What you should do:
Could you retype the lines below, starting at the line holding "Строительство каркасного дома" and stopping at the line holding "Jellycat Blossom Beige", inclusive? Copy them exactly and drop the images.

Records for processing:
▼
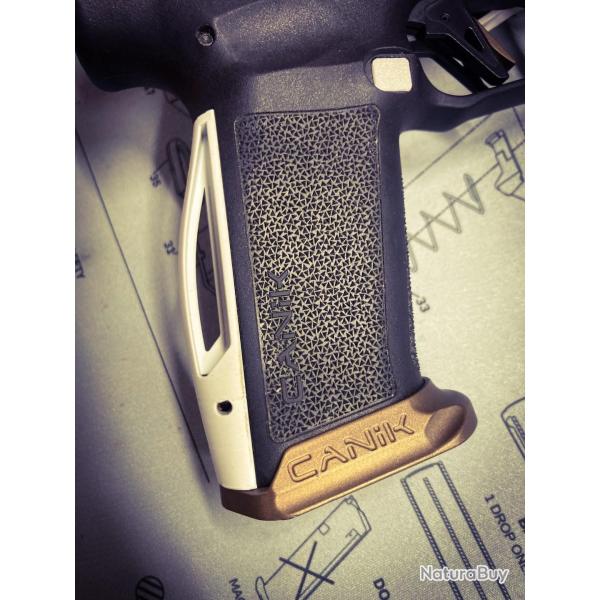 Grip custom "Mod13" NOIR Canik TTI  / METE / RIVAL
▲
▼
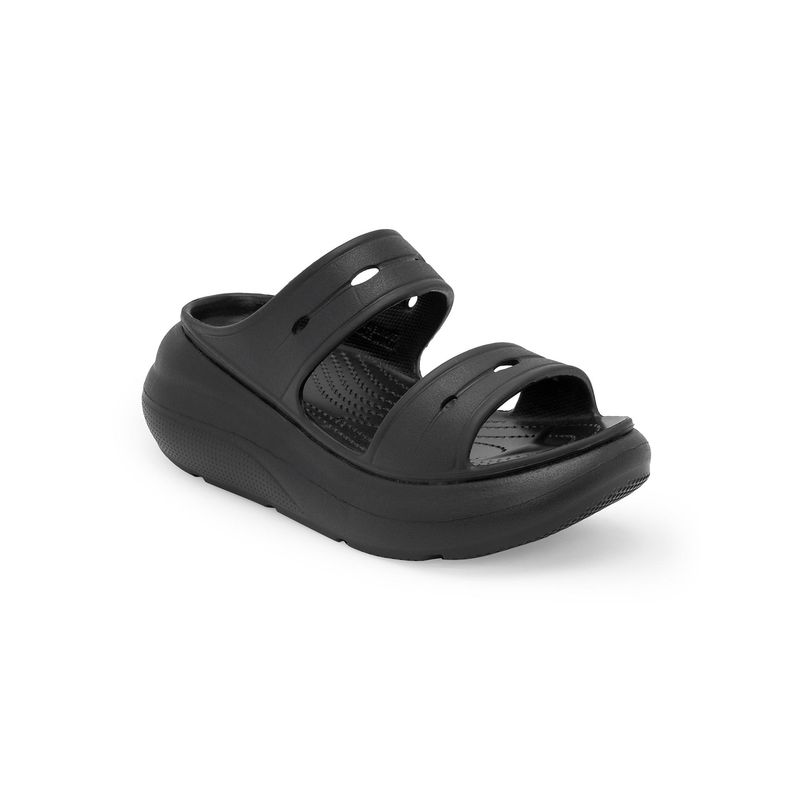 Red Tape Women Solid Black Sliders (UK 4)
▲
▼
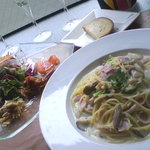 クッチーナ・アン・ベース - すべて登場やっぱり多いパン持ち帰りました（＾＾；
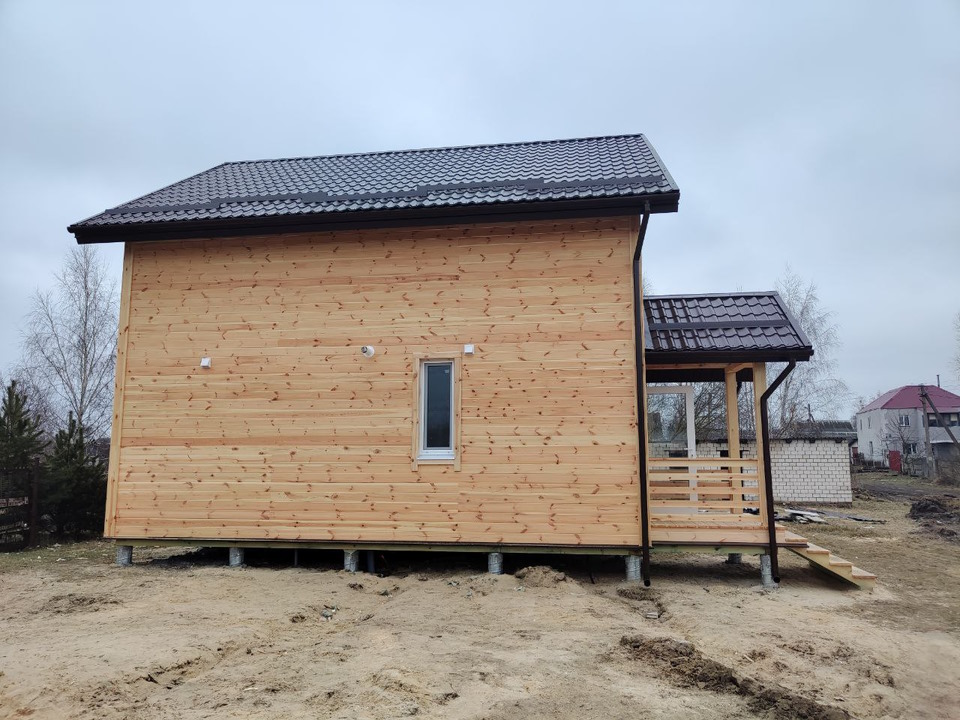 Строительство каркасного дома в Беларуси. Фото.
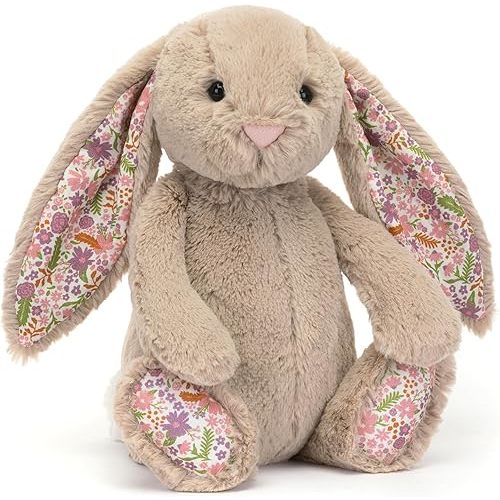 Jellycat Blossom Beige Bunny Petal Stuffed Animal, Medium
▲
Response:
 Строительство каркасного дома в Беларуси. Фото.
 Jellycat Blossom Beige Bunny Petal Stuffed Animal, Medium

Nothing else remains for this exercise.